監督のジェームソンがテレビ映画出身ということもあるのかないのか、機内の描写がこじんまりとしているのも少々物足りず、迫りくるパニックにもさほど趣向が無く、あまりサスペンスが盛り上がらない印象だったが、ギャラガーが機外へ出て、いよいよ救出に動き出す段になるとさすがに面白く、特に機体にエアバッグのような風船を付けていく様子を丁寧に見せているのがよろしい。段取りをきちんと見せることで、いよいよ飛行機が浮上してくるところがきちんと見せ場になるというものである。かなり大きな機体のセットも作られており、それを湖に沈めて撮影もしているようで、特撮(合成)も効果的に使用され、クライマックスはなかなかに迫力があり、サスペンスたっぷりである。77年度の日本国内の興行成績では、外国映画では7位だったらしいが、これくらいに面白ければ、そのくらいお客さんが入って当然であろうと思う。テレビ的にこじんまりと書いたけれど、やっぱりそこは大作映画の魅力があるのである。

 

 

来る ★★★★★

監督 中島哲也/2018/

「渇き。」で残忍なハードボイルド、「告白」で冷酷なサスペンスと、極上の血の映画を撮っている中島哲也が次にホラーに着手するのは、至極当然のなりゆき。

家事や育児に全く関心のない人間、家庭内格差や生まれ育ちについての偏見や差別、女性がひとりで子育てする上での社会の無情…などなどを、丁寧に見せていくさまはもはや嫌がらせに近い。過去も現在もそしておそらく未来も、おぞましい縛りが日本という国全体に蔓延し続けていることを、ホラー映画という枠の中で強烈に描き出す。

現実社会の恐ろしさと息苦しさとが、土着的とも言えるホラー世界と結びついたとき、その恐怖は強大なものとなり、決して逃れらない闇の世界の存在を強固にさせる。

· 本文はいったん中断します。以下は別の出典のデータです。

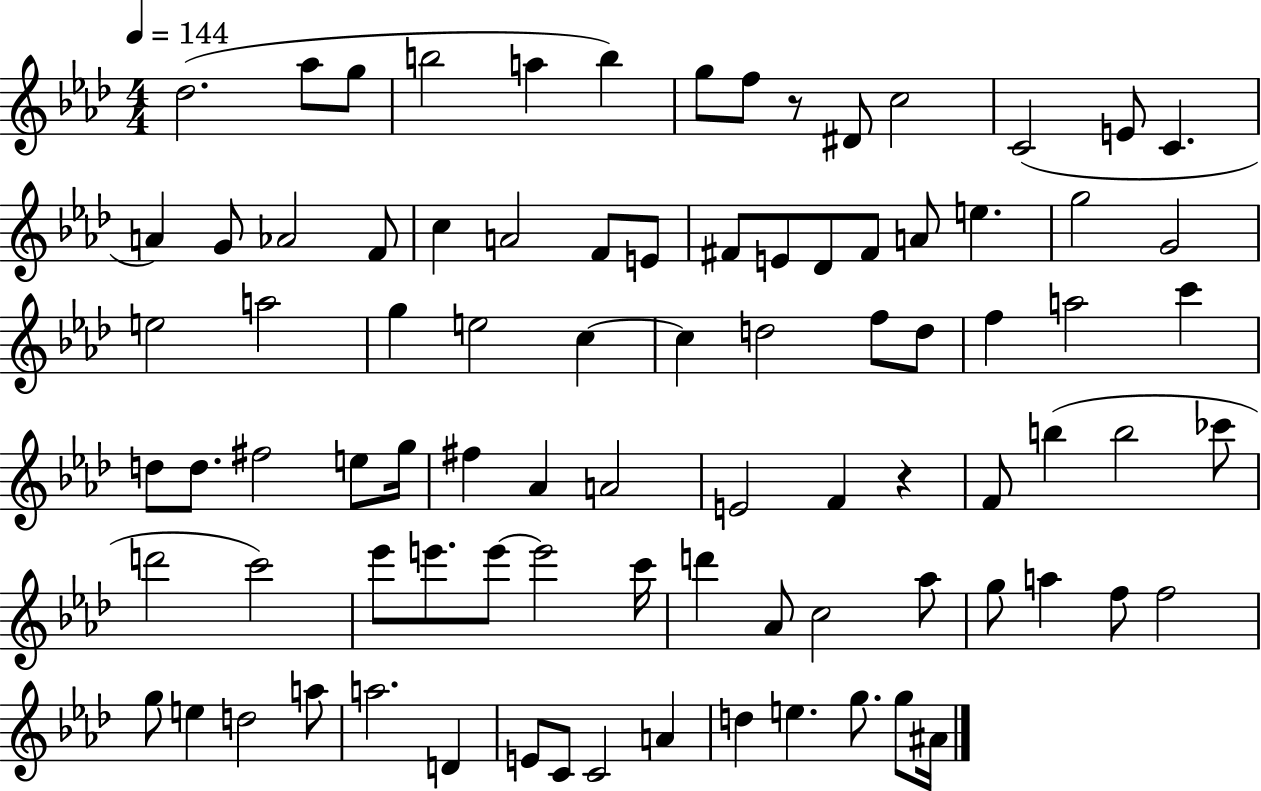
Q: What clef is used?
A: treble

ぼぎわんが、実体をもった怪物や現象ではなく、具体的なものとしては姿を見せないこともあり、身近に忍び寄ってくる怪異と、現実の中の恐怖とが嫌な具合に混じり合い曖昧となっていき、現実と虚構の被膜が溶けてしまう、その巧みさ。

一方で娯楽映画としての強度もかなりしっかりとしているため、現実の重さを伝えるための偏った映画になっていない。松たか子演じる、最強の能力者の登場と共に盛り上がる(登場シーンの後ろ姿のシルエット!そのヒーロー然とした姿!)ぼぎわん殲滅戦は、日本中(だけではないのかもしれない。ハングルも見えるから)から宗派を越えて、闘いのために人々が馳せ参じる様子に、ワクワクする気持ちを抑えられない。クライマックスは、マンション周辺を囲んで彼らの力を持っての総力戦が行われるという凄まじさ。各宗派のあれこれや段取りなど、西洋人にはかなり受けるのではないかと思われる。ぜひとも海外の公開を目指すべき。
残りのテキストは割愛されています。